• Information provided
━━━━━━

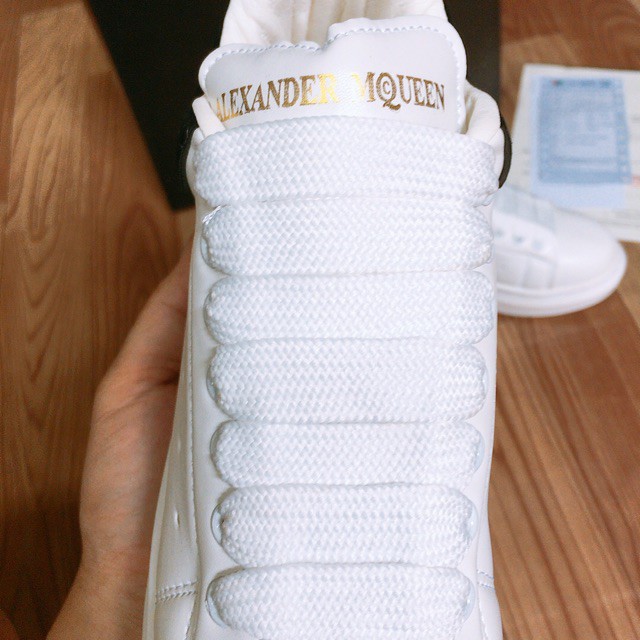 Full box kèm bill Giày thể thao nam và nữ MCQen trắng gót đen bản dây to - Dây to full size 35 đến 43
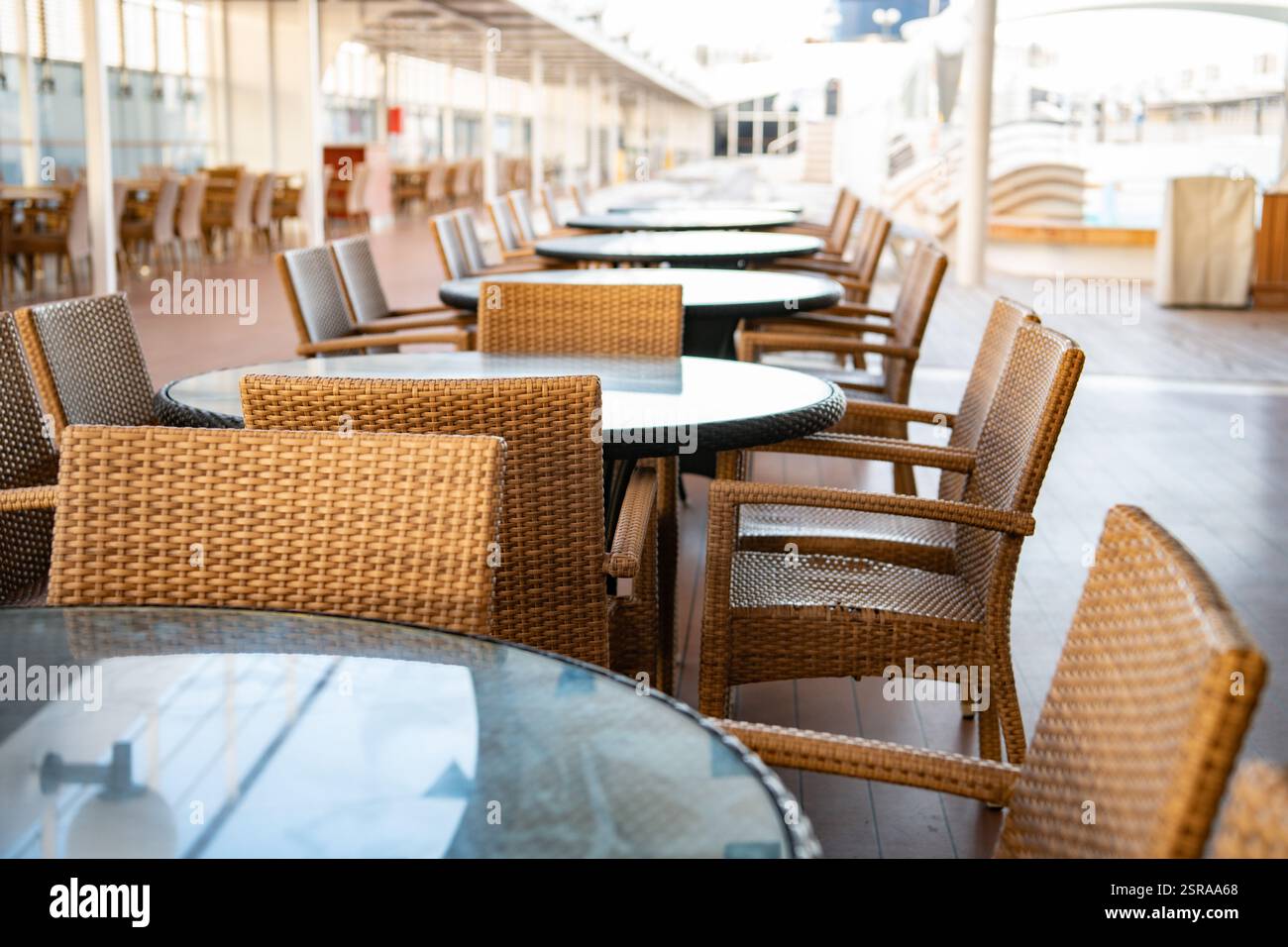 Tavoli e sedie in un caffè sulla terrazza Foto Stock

━━━━━━

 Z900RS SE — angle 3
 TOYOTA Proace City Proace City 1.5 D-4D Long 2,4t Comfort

━━━━━━

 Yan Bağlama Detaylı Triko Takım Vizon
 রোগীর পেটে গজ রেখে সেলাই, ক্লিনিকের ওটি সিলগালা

━━━━━━

An exact copy of the lines above, from the one containing "Z900RS SE — angle 3" down to the one containing "TOYOTA Proace City" and including both, is the whole answer; retype it and nothing else.

• Expected answer
 Z900RS SE — angle 3
 TOYOTA Proace City Proace City 1.5 D-4D Long 2,4t Comfort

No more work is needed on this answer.